Evaluating Quality of Life and Psychiatric Comorbidity in Children and Adolescents With Constipation (With or Without Fecal Incontinence) and Comparison With Healthy Counterparts
BACKGROUND AND OBJECTIVES:
Constipation is one of the most common gastrointestinal problems among children. The behavioral and psychological problems associated with chronic constipation include a wide range of disorders that reduce quality of life. The objectives were to evaluate psychiatric disorders and quality of life in children and adolescents with constipation.
In a case–control clinical trial, 55 children and adolescents with functional constipation and 55 without constipation were assigned to case and control groups, respectively. After taking the medical history and physical examination, we provided 3 questionnaires to parents, children, and adolescents: a demographic questionnaire, a pediatric quality of life questionnaire, and a strengths and difficulties questionnaire (SDQ). Collected data were coded and analyzed with SPSS (IBM SPSS Statistics, IBM Corporation).
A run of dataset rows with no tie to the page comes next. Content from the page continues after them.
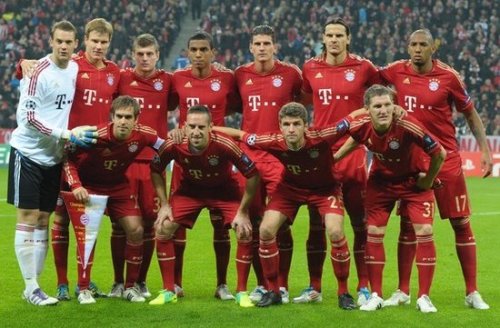 西甲半场：纳瓦罗、N.威廉姆斯建功，毕尔巴鄂2-0莱万特（西甲半场战报：毕尔巴鄂2-0领先莱万特，纳瓦罗与N.威廉姆斯破门）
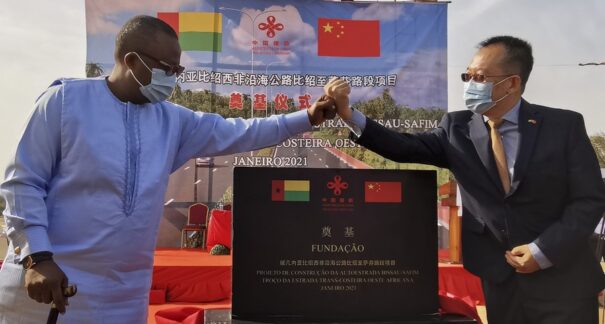 Guinée-Bissau : le président Embaló inaugure la première autoroute du pays, financée par la Chine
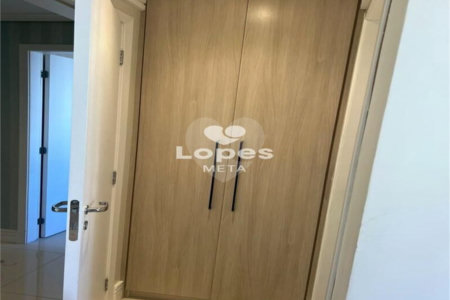 Apartamento à venda com 3 suítes em Altos do Esplanada, São José dos Campos, SP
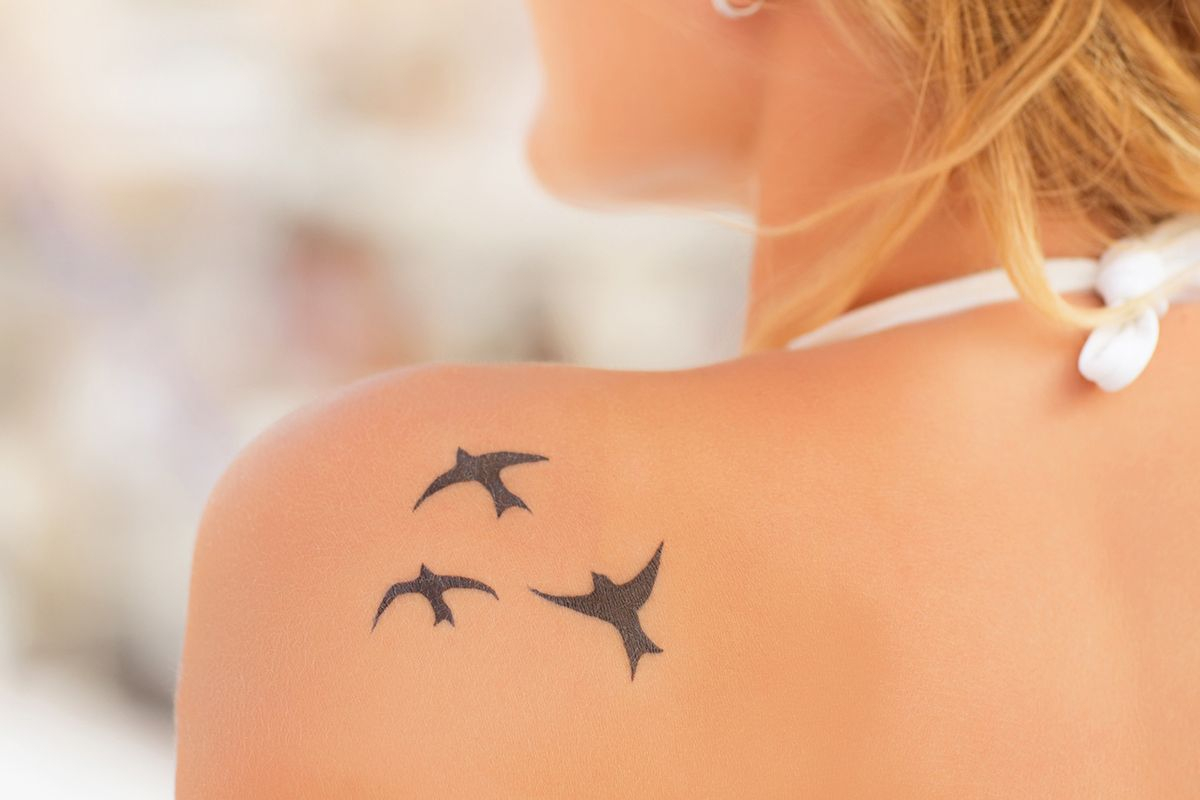 Tatuaggi viaggio, la nuova tendenza dell’estate 2022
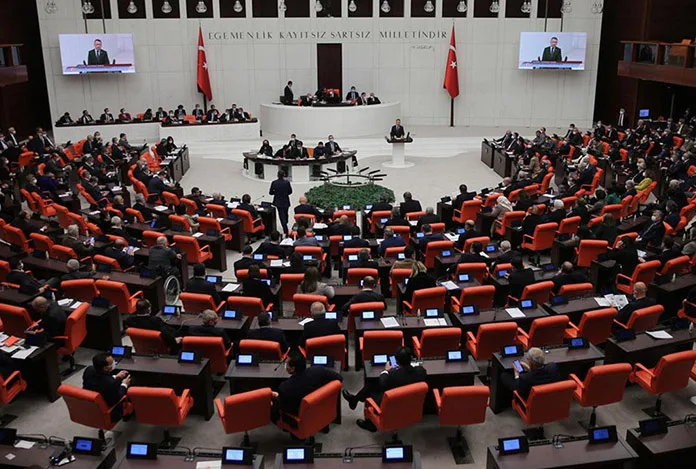 Meclis mesaiye EYT ile başlıyor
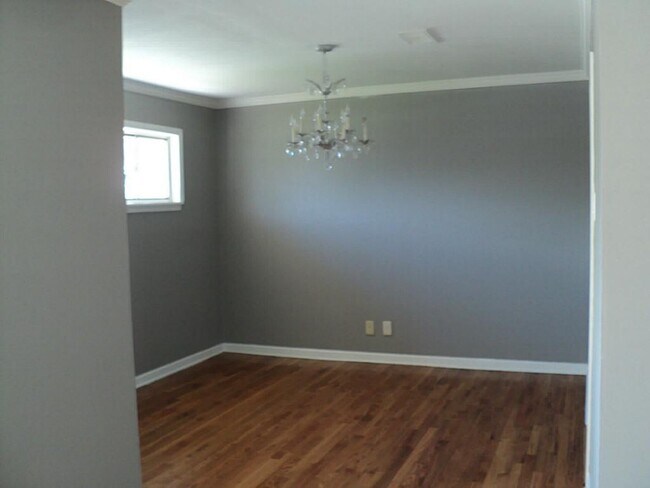 Foto del edificio - 5210 Sanford Rd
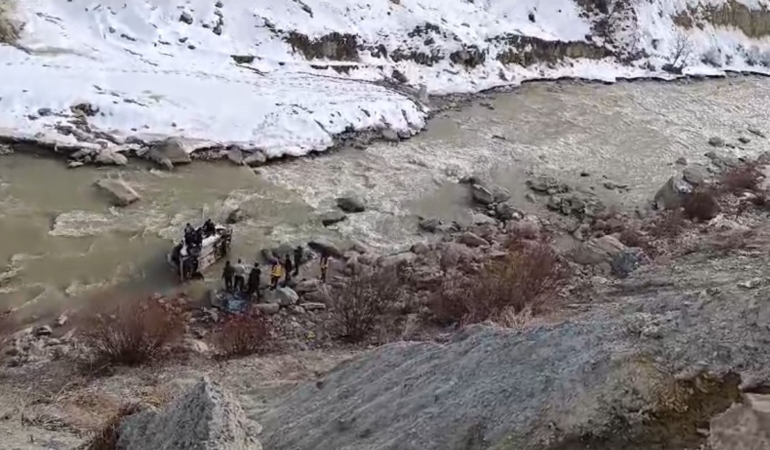 hakkari-van-karayolunda-trajik-trafik-kazasi-surucu-akintiya-kapildi-JGHGUbId.jpg
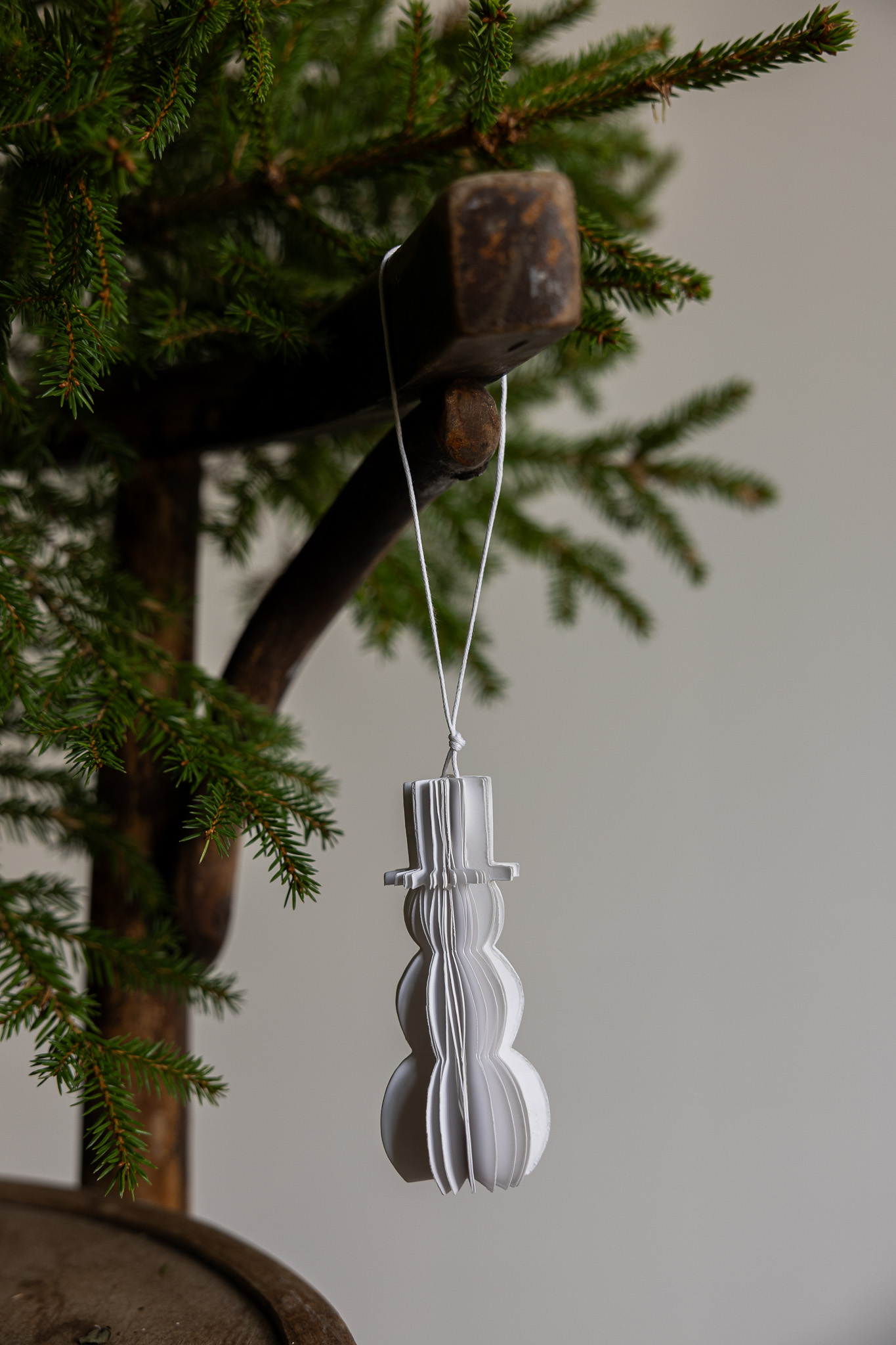 Folke - Snowman - White - Weighted paper - 10 cm - 2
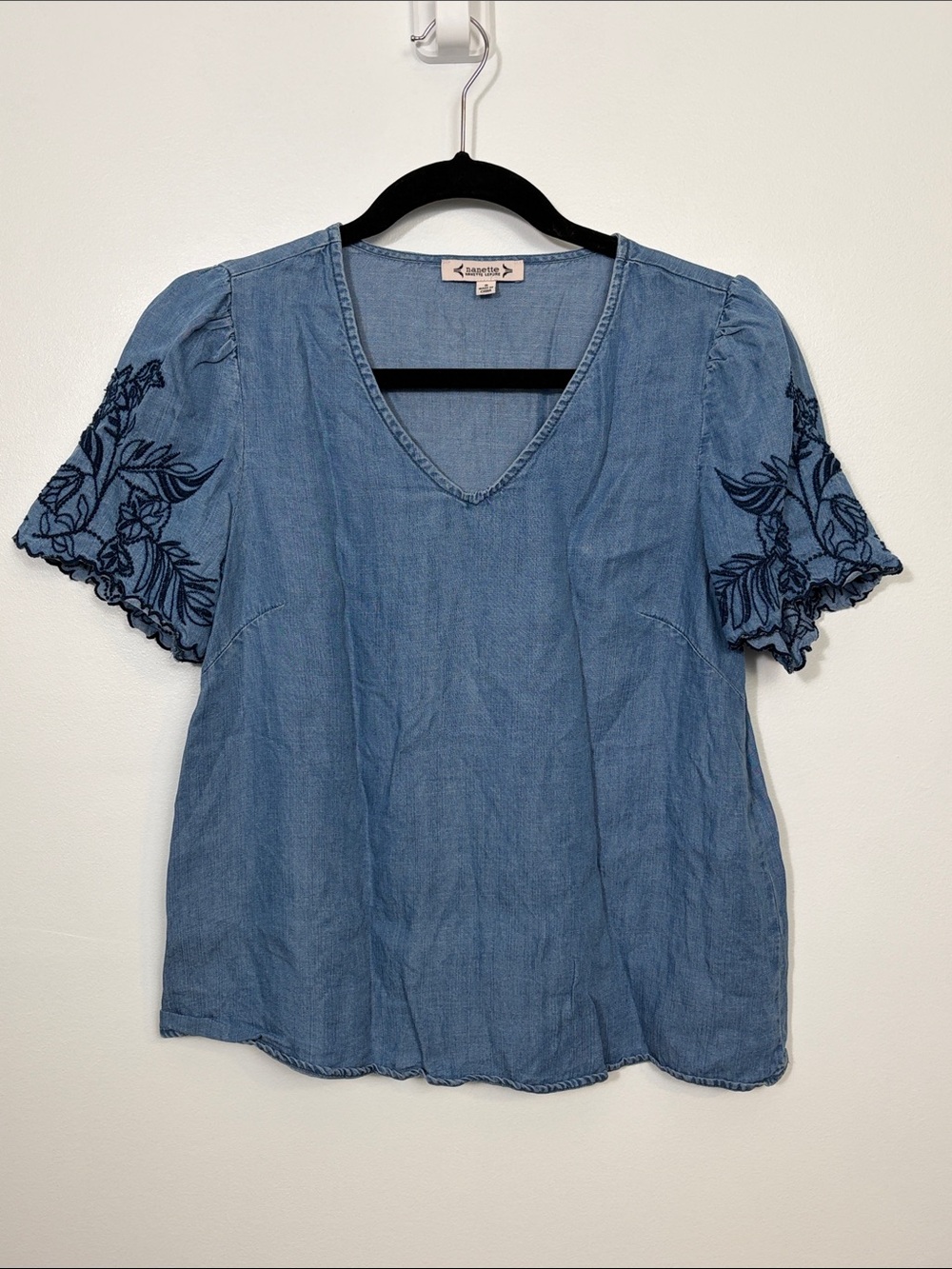 Nanette Lepore Women’s Small Lyocell Chambray Embroidered Sleeve V Neck Shirt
The mean child self-reported and parent proxy–reported scores on the quality of life questionnaire were 54.67 ± 3.9 and 49.86 ± 3.2 for the case group and 63.26 ± 4 and 66.09 ± 3.4 for the control group. Only the parent-reported quality of life score was statistically different between case and control patients (P = .014). The emotional performance quality of life score was statistically different on both self-reported (P = .016) and parent-reported (P = .024) questionnaires. The total SDQ score was abnormal for 93% and 83% of case and control participants, respectively, which was an insignificant difference (P = .631). There was no statistically significant difference in SDQ subgroups and impact scores between the 2 groups.
Quality of life and emotional performance are impaired in children with functional constipation, and they should be screened for consequent disorders. Referring at-risk patients to related specialists might improve treatment and help control constipation.